She started back a step. Submissive Oscar was taking a peremptory tone with her for the first time in his life. Submissive Oscar, instead of giving her time to speak, sternly went on.
"Madame Pratolungo has made her excuses to you. You ought to receive them; you ought to reciprocate them. It is distressing to see you and hear you. You are behaving ungratefully to your best friend."
She raised her face, she raised her hands, in blank amazement: she looked as if she distrusted her own ears.
"Oscar!" she exclaimed.
"Here I am," said Oscar, opening the door at the same moment.
She turned like lightning towards the place from which he had spoken. She detected the deception which Nugent had practiced on her, with a cry of indignation that rang through the room.
Oscar ran to her in alarm. She thrust him back violently.
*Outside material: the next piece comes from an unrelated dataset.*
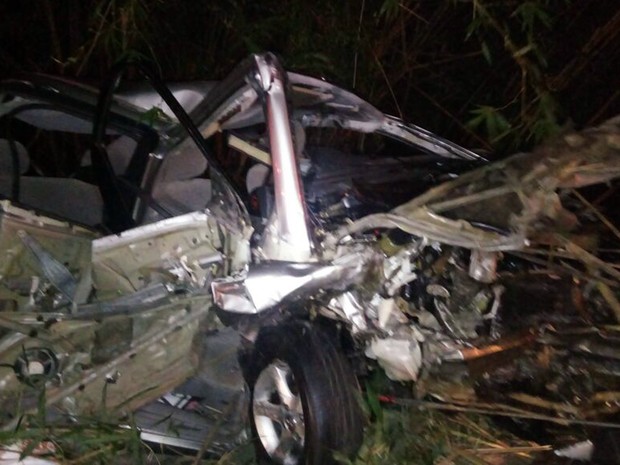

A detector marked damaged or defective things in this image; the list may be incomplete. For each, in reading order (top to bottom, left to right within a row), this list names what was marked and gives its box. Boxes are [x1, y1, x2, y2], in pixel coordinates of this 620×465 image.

exposed car wheel [245, 320, 366, 464]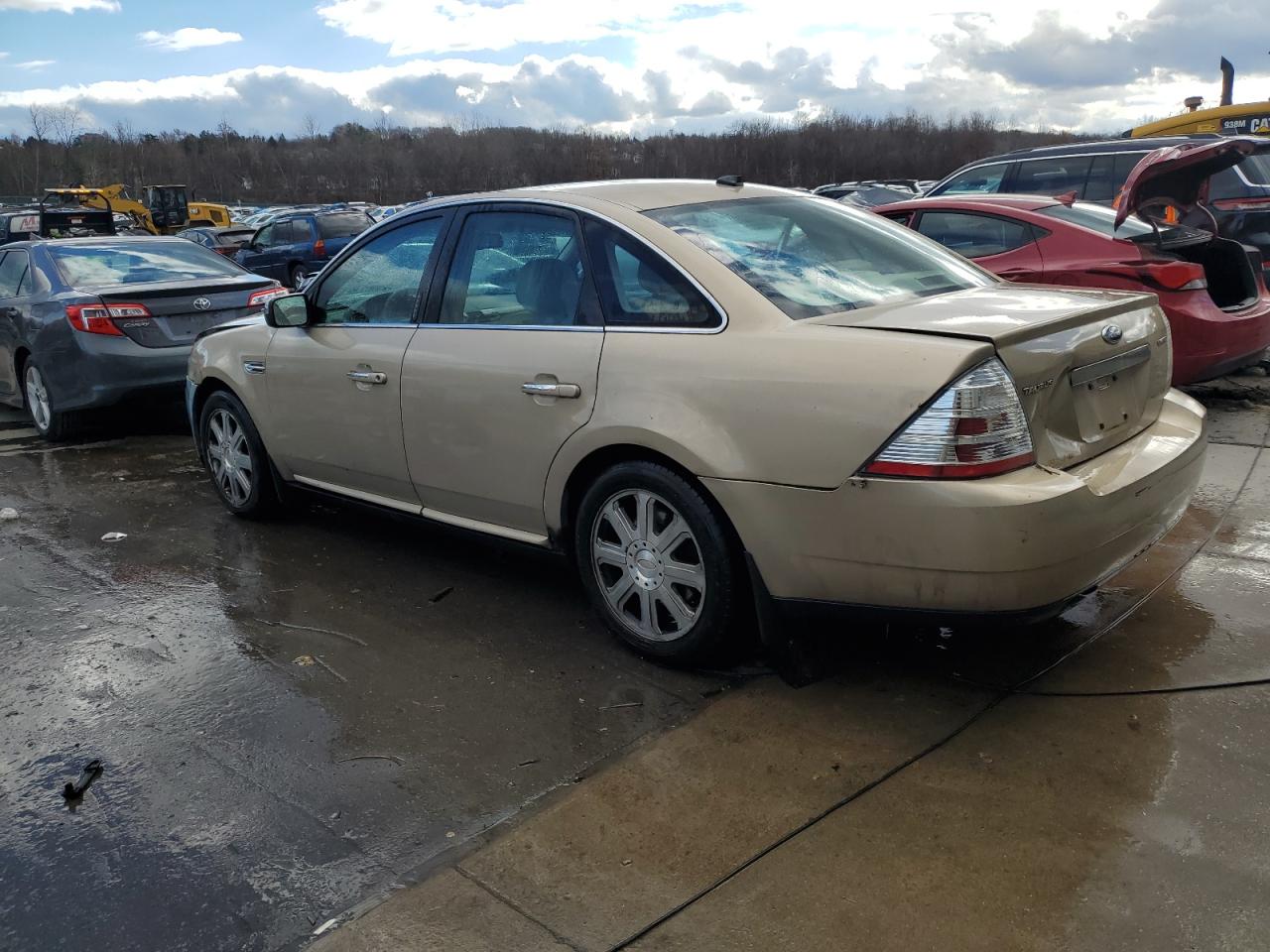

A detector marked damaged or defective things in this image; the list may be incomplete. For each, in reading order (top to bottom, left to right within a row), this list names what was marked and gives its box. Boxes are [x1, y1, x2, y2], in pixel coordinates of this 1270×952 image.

rear bumper damage [710, 391, 1206, 615]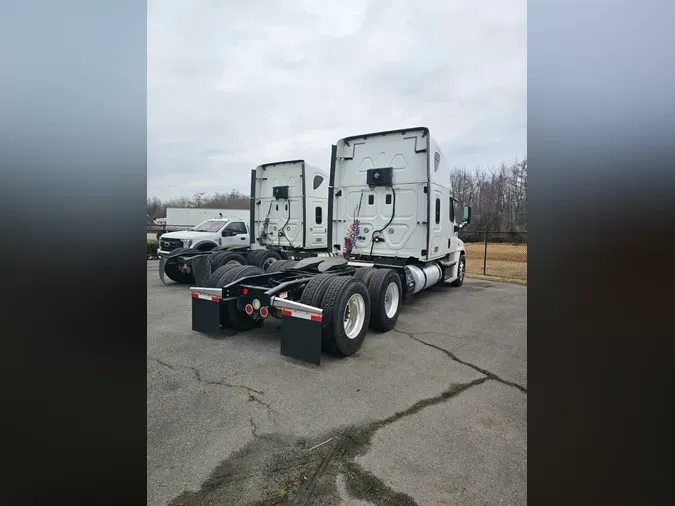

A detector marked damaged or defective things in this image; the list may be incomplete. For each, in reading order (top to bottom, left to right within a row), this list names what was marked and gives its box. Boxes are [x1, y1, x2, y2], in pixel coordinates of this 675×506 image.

"A trick!" she cried. "A mean, vile, cowardly trick played upon my blindness! Oscar! your brother has been imitating you; your brother has been speaking to me in your voice. And that woman who calls herself my friend—that woman stood by and heard him, and never told me. She encouraged it: she enjoyed it. The wretches! take me away from them. They are capable of any deceit. She always hated you, dear, from the first—she took up with your brother the moment he came here. When you marry me, it mustn't be at Dimchurch; it must be in some place they don't know of. There is a conspiracy between them against you and against me. Beware of them! beware of them! She said I should have fallen in love with your brother, if I had met him first. There is a deeper meaning in that, my love, than you can see. It means that they will part us if they can. Ha! I hear somebody moving! Has he changed places with you? Is it you whom I am speaking to now? Oh, my blindness! my blindness! Oh, God, of all your creatures, the most helpless, the most miserable, is the creature who can't see!"
I never heard anything in all my life so pitiable and so dreadful as the frantic suspicion and misery which tore their way out from her, in those words. She cut me to the heart. I had spoken rashly—I had behaved badly—but had I deserved this? No! no! no! I had not deserved it. I threw myself into a chair, and burst out crying. My tears scalded me; my sobs choked me. If I had had poison in my hand, I would have drunk it—I was so furious and so wretched: so hurt in my honor, so wounded at my heart.
The only voice that answered her was Nugent's. Reckless what the consequences might be—speaking, in his own proper person, from the opposite end of the room—he asked the all-important question which no human being had ever put to her yet.